→ **PROVIDED DATA**:
============

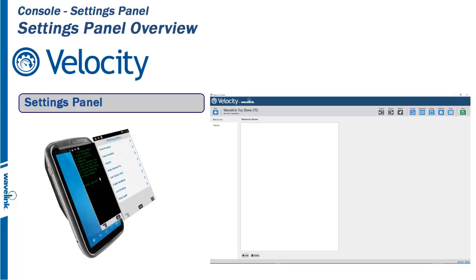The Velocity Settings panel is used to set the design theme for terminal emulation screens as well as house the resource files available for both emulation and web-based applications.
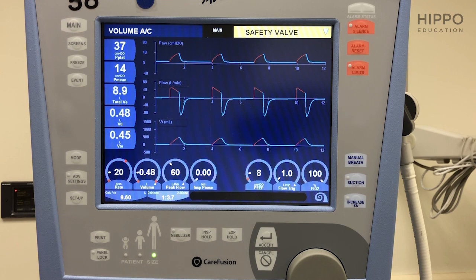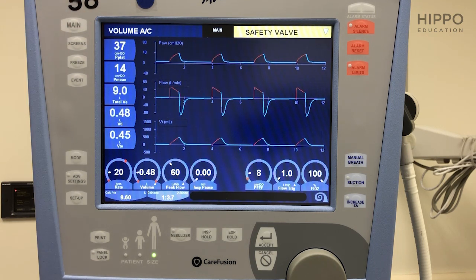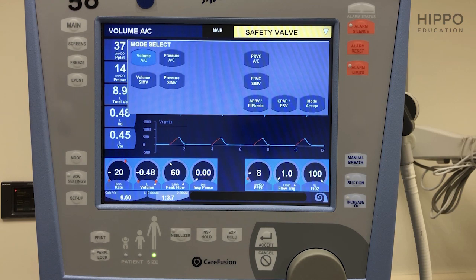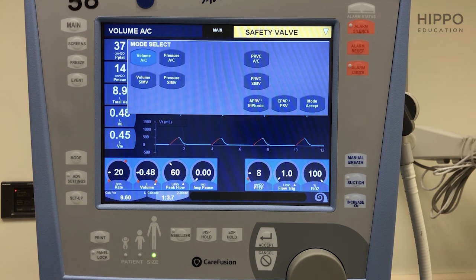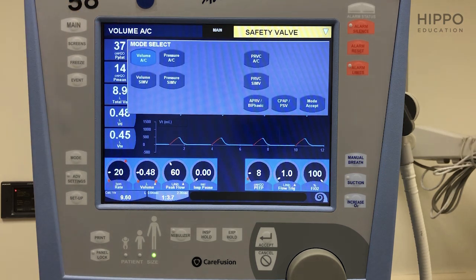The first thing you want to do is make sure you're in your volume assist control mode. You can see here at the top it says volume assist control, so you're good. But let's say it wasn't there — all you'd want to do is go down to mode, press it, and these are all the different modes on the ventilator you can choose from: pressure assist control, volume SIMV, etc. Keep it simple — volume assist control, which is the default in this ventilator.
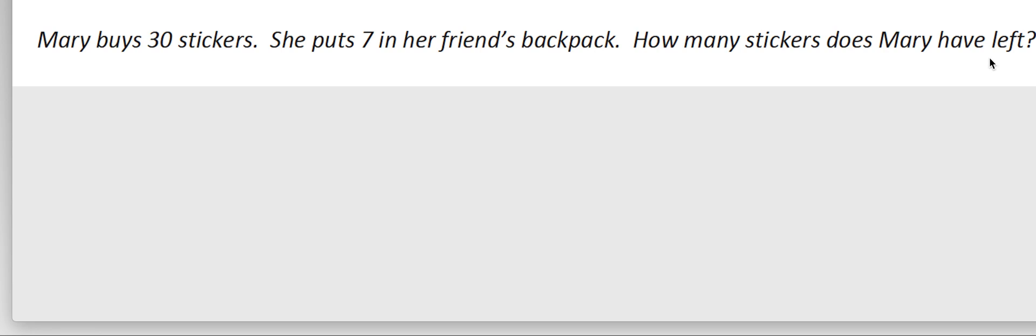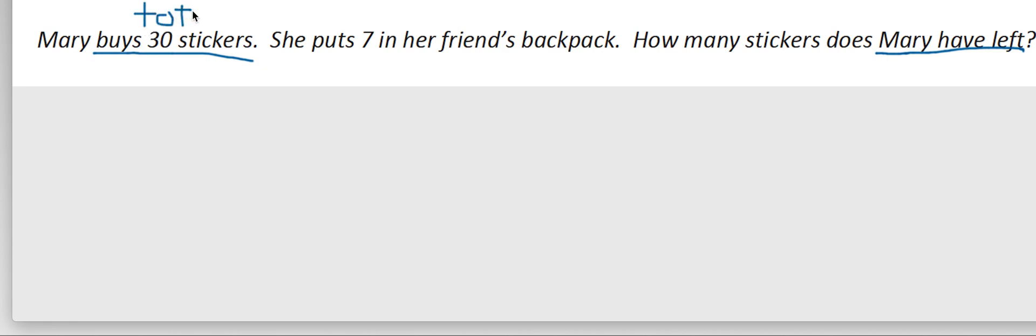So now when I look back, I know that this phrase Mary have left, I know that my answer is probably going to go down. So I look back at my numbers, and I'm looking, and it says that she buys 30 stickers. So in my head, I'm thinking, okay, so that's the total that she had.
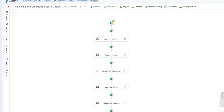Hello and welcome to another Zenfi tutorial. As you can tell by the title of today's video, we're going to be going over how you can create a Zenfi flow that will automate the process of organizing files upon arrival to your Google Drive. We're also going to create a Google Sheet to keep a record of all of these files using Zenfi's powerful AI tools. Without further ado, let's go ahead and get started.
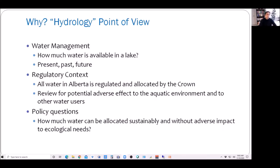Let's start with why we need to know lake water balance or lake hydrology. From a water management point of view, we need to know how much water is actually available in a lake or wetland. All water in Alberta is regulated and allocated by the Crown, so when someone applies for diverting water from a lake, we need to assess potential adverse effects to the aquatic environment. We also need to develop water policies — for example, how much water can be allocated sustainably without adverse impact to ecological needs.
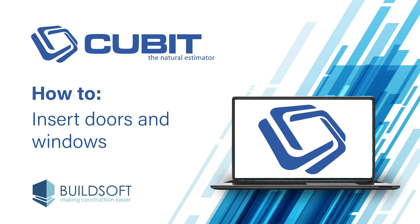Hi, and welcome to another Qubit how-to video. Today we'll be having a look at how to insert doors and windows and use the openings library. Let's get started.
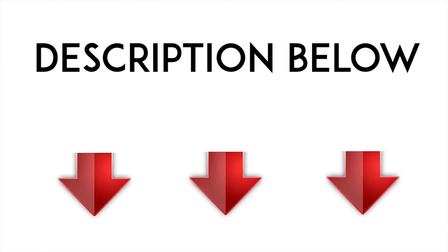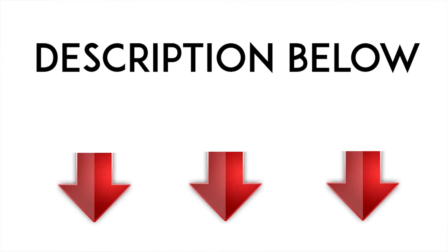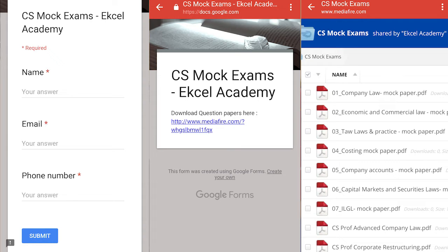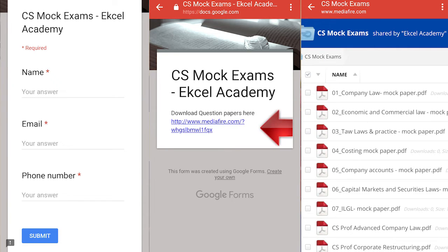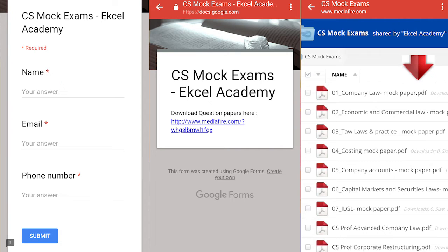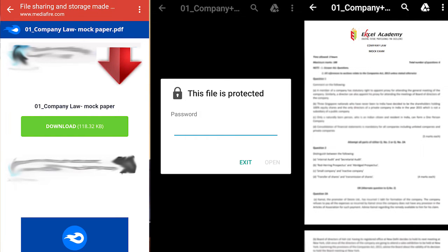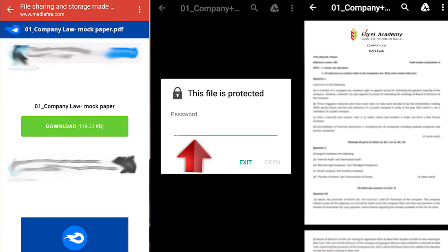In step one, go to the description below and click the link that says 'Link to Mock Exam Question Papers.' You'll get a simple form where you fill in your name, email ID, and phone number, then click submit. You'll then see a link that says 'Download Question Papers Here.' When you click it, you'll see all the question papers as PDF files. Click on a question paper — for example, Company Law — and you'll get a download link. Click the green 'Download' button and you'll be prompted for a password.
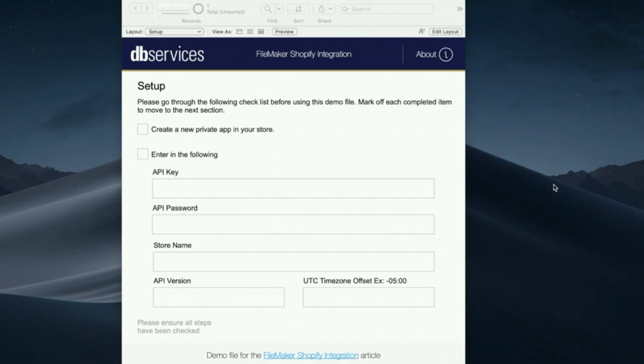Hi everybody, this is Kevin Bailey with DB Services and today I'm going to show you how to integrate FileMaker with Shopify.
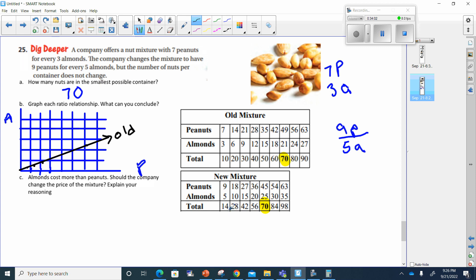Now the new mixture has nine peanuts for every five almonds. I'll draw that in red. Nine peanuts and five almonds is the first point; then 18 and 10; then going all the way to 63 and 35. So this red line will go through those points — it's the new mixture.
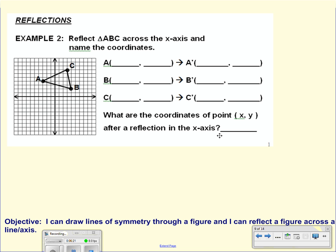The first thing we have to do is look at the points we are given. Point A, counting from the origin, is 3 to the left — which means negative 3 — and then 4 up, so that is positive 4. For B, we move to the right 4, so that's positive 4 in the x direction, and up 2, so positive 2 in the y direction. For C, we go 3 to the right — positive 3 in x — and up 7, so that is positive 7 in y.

============

→ **EXERCISE REQUIREMENTS**: A word-for-word copy of the entries above is needed, with every picture dropped.

→ **EXERCISE SOLUTION**:
The Velocity Settings panel is used to set the design theme for terminal emulation screens as well as house the resource files available for both emulation and web-based applications.
The first thing you want to do is make sure you're in your volume assist control mode. You can see here at the top it says volume assist control, so you're good. But let's say it wasn't there — all you'd want to do is go down to mode, press it, and these are all the different modes on the ventilator you can choose from: pressure assist control, volume SIMV, etc. Keep it simple — volume assist control, which is the default in this ventilator.
So now when I look back, I know that this phrase Mary have left, I know that my answer is probably going to go down. So I look back at my numbers, and I'm looking, and it says that she buys 30 stickers. So in my head, I'm thinking, okay, so that's the total that she had.
Hello and welcome to another Zenfi tutorial. As you can tell by the title of today's video, we're going to be going over how you can create a Zenfi flow that will automate the process of organizing files upon arrival to your Google Drive. We're also going to create a Google Sheet to keep a record of all of these files using Zenfi's powerful AI tools. Without further ado, let's go ahead and get started.
Let's start with why we need to know lake water balance or lake hydrology. From a water management point of view, we need to know how much water is actually available in a lake or wetland. All water in Alberta is regulated and allocated by the Crown, so when someone applies for diverting water from a lake, we need to assess potential adverse effects to the aquatic environment. We also need to develop water policies — for example, how much water can be allocated sustainably without adverse impact to ecological needs.
Hi, and welcome to another Qubit how-to video. Today we'll be having a look at how to insert doors and windows and use the openings library. Let's get started.
In step one, go to the description below and click the link that says 'Link to Mock Exam Question Papers.' You'll get a simple form where you fill in your name, email ID, and phone number, then click submit. You'll then see a link that says 'Download Question Papers Here.' When you click it, you'll see all the question papers as PDF files. Click on a question paper — for example, Company Law — and you'll get a download link. Click the green 'Download' button and you'll be prompted for a password.
Hi everybody, this is Kevin Bailey with DB Services and today I'm going to show you how to integrate FileMaker with Shopify.
Now the new mixture has nine peanuts for every five almonds. I'll draw that in red. Nine peanuts and five almonds is the first point; then 18 and 10; then going all the way to 63 and 35. So this red line will go through those points — it's the new mixture.
The first thing we have to do is look at the points we are given. Point A, counting from the origin, is 3 to the left — which means negative 3 — and then 4 up, so that is positive 4. For B, we move to the right 4, so that's positive 4 in the x direction, and up 2, so positive 2 in the y direction. For C, we go 3 to the right — positive 3 in x — and up 7, so that is positive 7 in y.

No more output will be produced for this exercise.